- [Stored data]
|---|

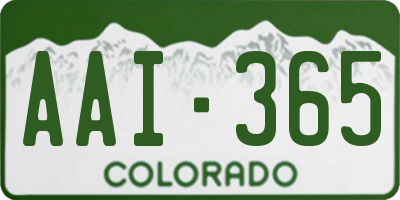 CO license plate AAI365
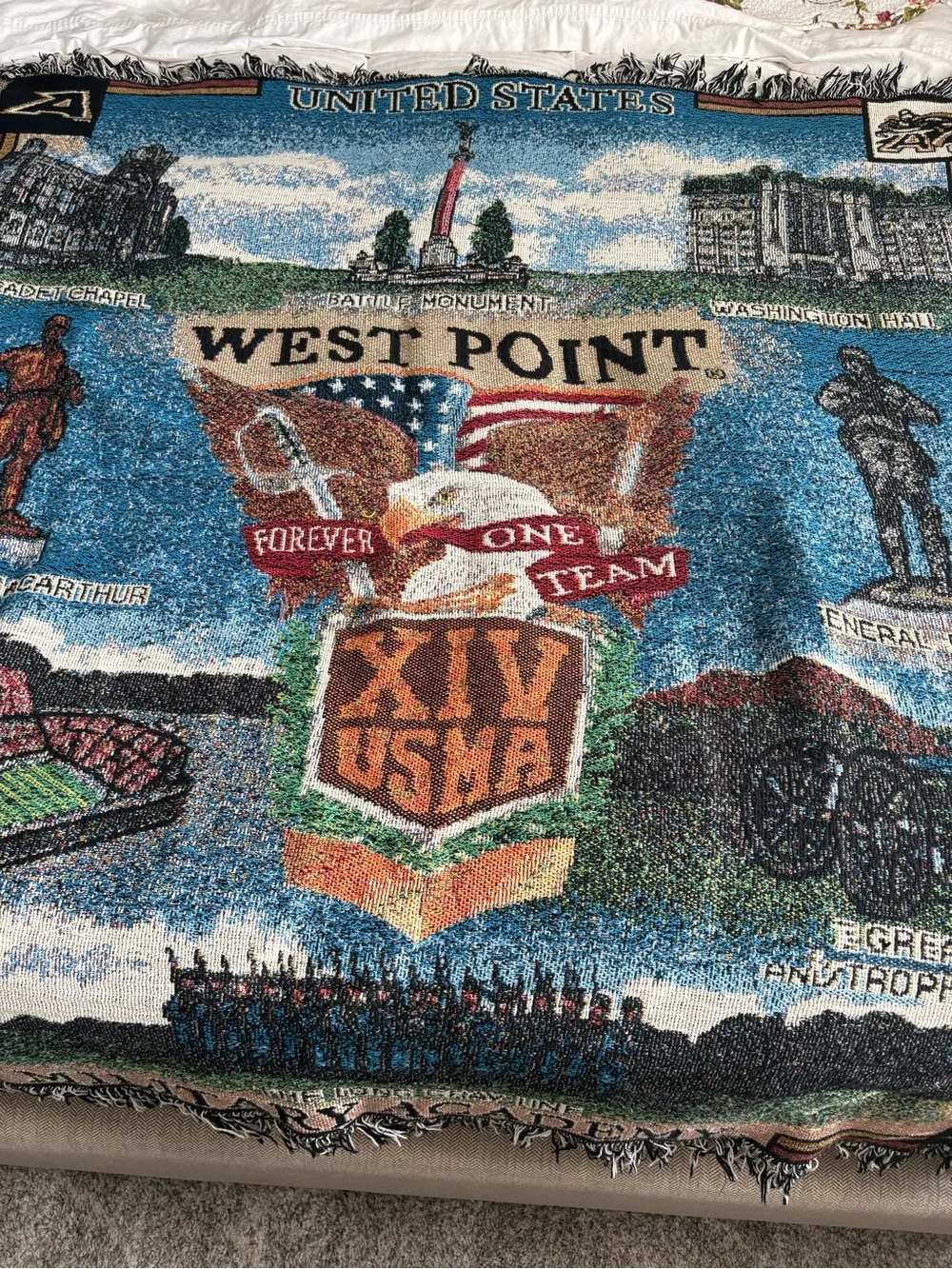 Army Black Knights West Point USMA 2014 Fringe Border Cotton Blanket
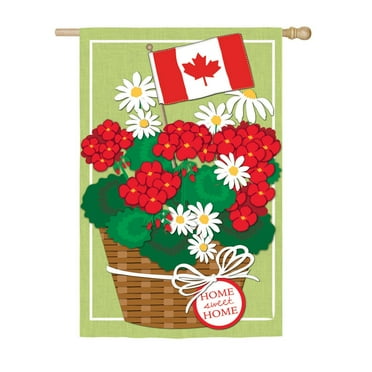 Evergreen Flag Canadian Patriotic Basket of Flowers Flag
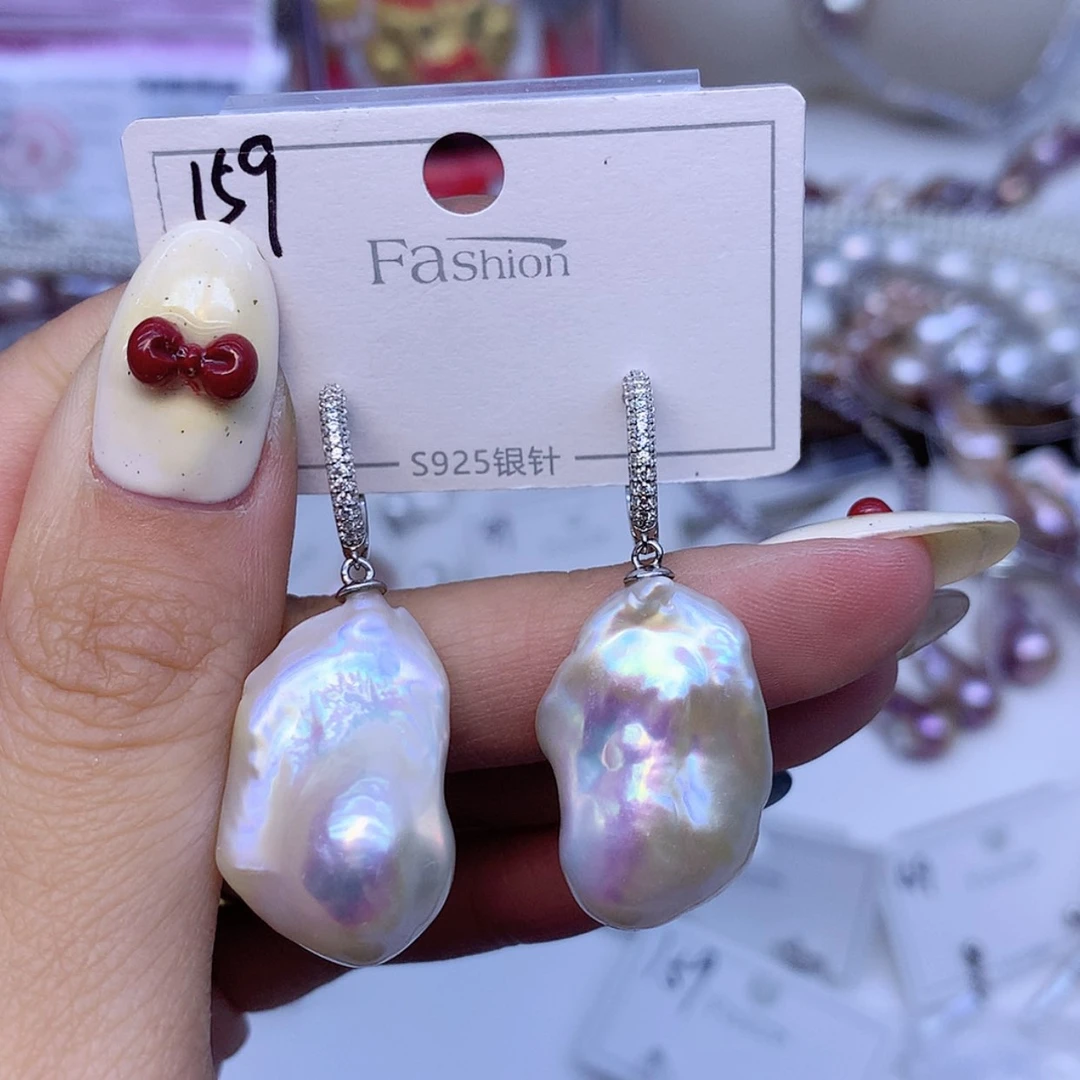 【闪购商品】淡水珍珠耳饰银S925镶嵌简*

|---|

- [Goal of the exercise] Where pictures appear, skip them and transcribe all other material word for word.

- [Output for this task]
 CO license plate AAI365
 Army Black Knights West Point USMA 2014 Fringe Border Cotton Blanket
 Evergreen Flag Canadian Patriotic Basket of Flowers Flag
 【闪购商品】淡水珍珠耳饰银S925镶嵌简*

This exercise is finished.